Hi everyone, I am trying to replicate data in CDC from a postgres database to cassandra.
I have a PM table and an address table in postgres which form a single table in cassandra.
Moreover the primary key in postgres is a technical key when in cassandra the primary key corresponds to the functional key.

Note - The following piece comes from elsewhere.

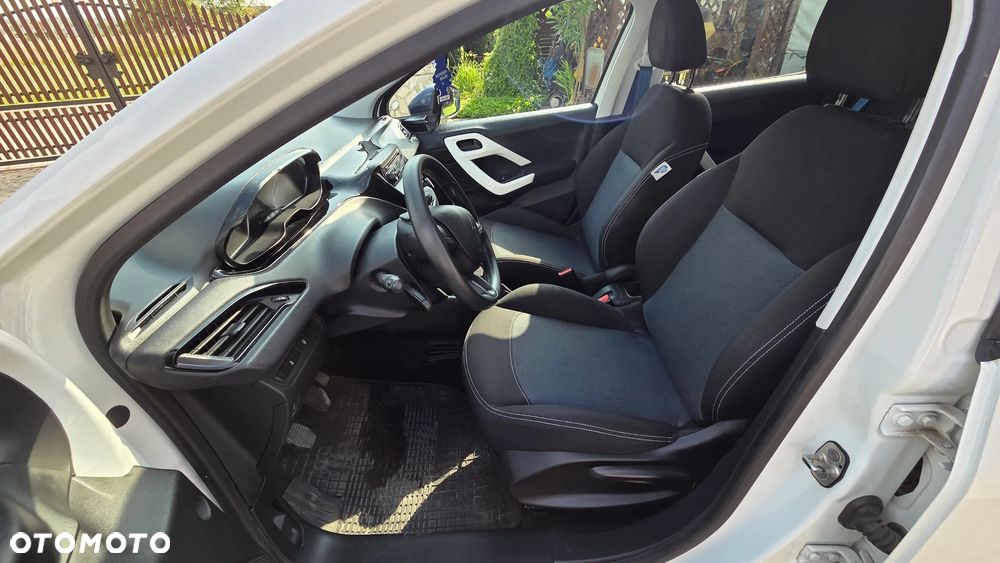 Peugeot 208 PureTech 68 Access - 16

So to summarize I must first perform a join then a rekey on the join and I want to benefit from Primary-Key Table-Table Joins (left join) so i did this :
CREATE TABLE pm (
`id` VARCHAR PRIMARY KEY, // Technical id from postgres PK
`reference_pm_bytel` VARCHAR, // Functional id for cassandra PK
`reference_pm_oi` VARCHAR,
`etat_deploiement` VARCHAR,
...
`date_creation` VARCHAR,
`date_modification` VARCHAR
)
WITH (
kafka_topic = 'testcdcdb.public.pm',
value_format = 'avro'
);
CREATE TABLE adresse_pm (
`pm_id` VARCHAR PRIMARY KEY,
`hexacle` VARCHAR,
`rivoli` VARCHAR,
`ville` VARCHAR,
`code_postal` VARCHAR,
...
`date_creation` VARCHAR,
`date_modification` VARCHAR
)
WITH (
kafka_topic = 'testcdcdb.public.adresse_pm',
value_format = 'avro'
);
Then I did the left join :
CREATE TABLE PM_WITH_ADRESSE WITH (VALUE_FORMAT='AVRO') AS SELECT
P.`id`,
P.`reference_pm_bytel`,
P.`reference_pm_oi`,
P.`etat_deploiement`,
...
P.`date_creation`,
P.`date_modification`,
STRUCT(
`hexacle` := A.`hexacle`,
`rivoli` := A.`rivoli`,
`ville` := A.`ville`,
`code_postal` := A.`code_postal`,
...
`date_creation` := A.`date_creation`,
`date_modification` := A.`date_modification`) AS `adresse_pm`
FROM pm P
LEFT JOIN adresse_pm A
ON P.`id`=A.`pm_id`
Finally I rekey, so I need first to create a stream :
CREATE STREAM PM_WITH_ADRESSE_STREAM WITH (KAFKA_TOPIC='PM_WITH_ADRESSE', VALUE_FORMAT='AVRO');
then the partition by :
CREATE STREAM PM_WITH_ADRESSE_BY_REFERENCE_PM
WITH (
value_format = 'avro'
) AS SELECT * FROM PM_WITH_ADRESSE_STREAM PARTITION BY `reference_pm_bytel`;
It works very well for the insert and the update which replicates well in cassandra but not for the delete.
Indeed in the join topic I have a correct tombstone with
key: 1 value: null
but in the rekey topic (repartitioning) I have
key:null value: null
Is there a possible workaround to replicate the delete in this case?